#### Work instruction
Pictures left aside, return the lines below exactly, from the one with "this 640×480 image." to the end, including both ends.

(Records drawn from a dataset)
::::
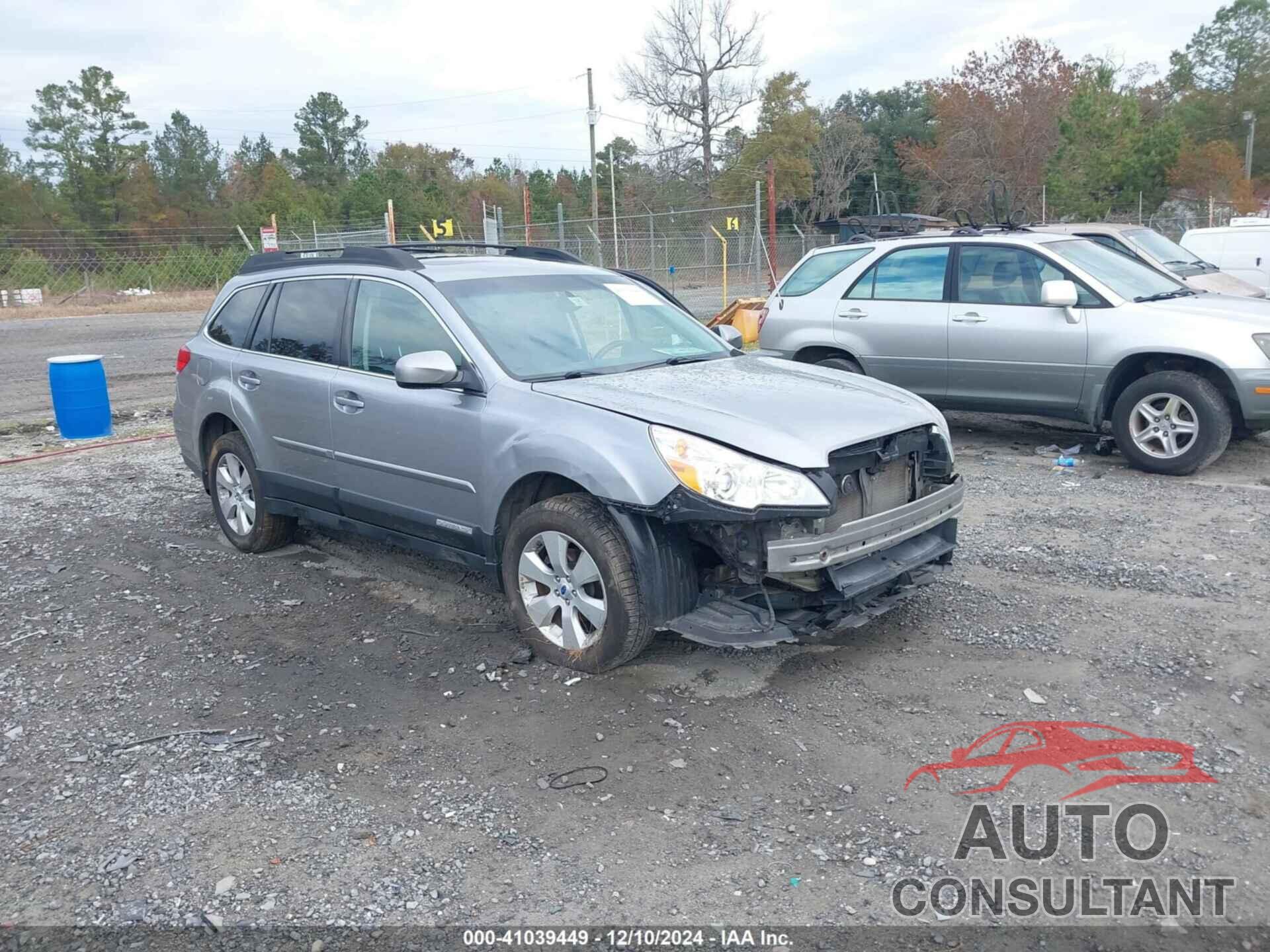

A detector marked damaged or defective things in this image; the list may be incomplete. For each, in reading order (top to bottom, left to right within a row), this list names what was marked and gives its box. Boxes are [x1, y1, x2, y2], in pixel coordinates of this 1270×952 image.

crumpled hood [1185, 271, 1265, 298]
damaged subaru outback [171, 247, 963, 677]
crumpled hood [532, 354, 937, 468]
broken headlight assembly [651, 426, 831, 513]
crushed front bumper [664, 479, 963, 651]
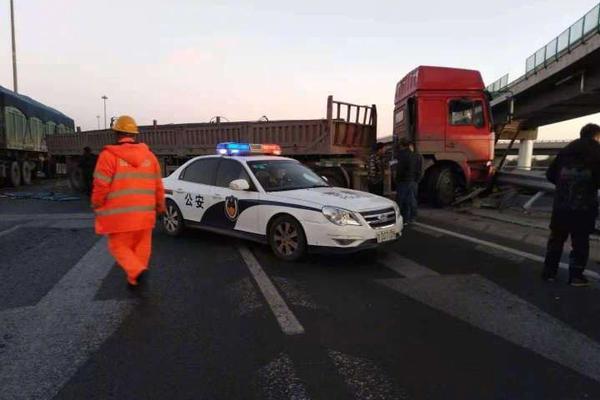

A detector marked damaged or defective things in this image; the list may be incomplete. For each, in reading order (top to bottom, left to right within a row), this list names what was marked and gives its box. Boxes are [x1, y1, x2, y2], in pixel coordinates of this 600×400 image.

rusty dump bed [48, 96, 376, 158]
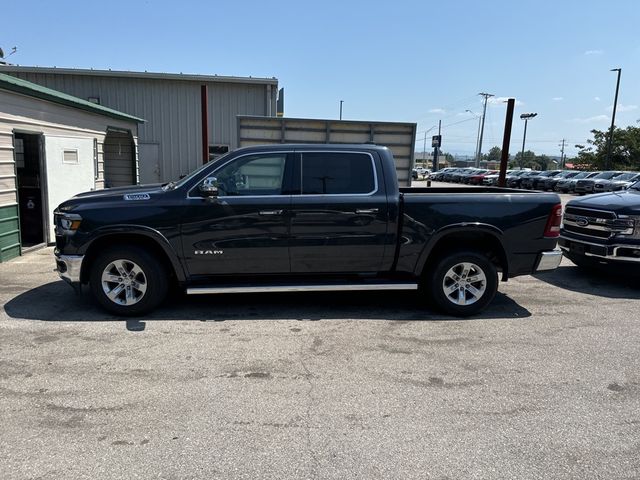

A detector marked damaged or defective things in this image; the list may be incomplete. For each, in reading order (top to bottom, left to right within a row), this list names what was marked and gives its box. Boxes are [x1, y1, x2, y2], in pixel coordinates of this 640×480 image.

pavement crack [300, 340, 320, 478]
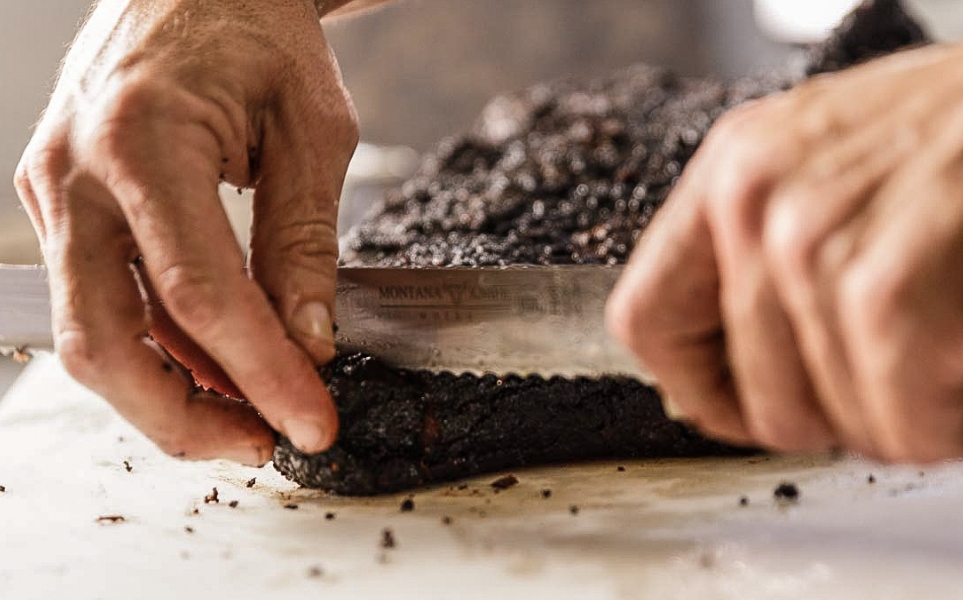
::::
#### Response
A detector marked damaged or defective things in this image; the list may be incomplete. For each, in reading order (top to bottom, left to right within a row), this list names what was marked and gives its box. Boxes are [x1, y1, x2, y2], in pixel coordinates of this 640×480 image.

pavement crack [300, 340, 320, 478]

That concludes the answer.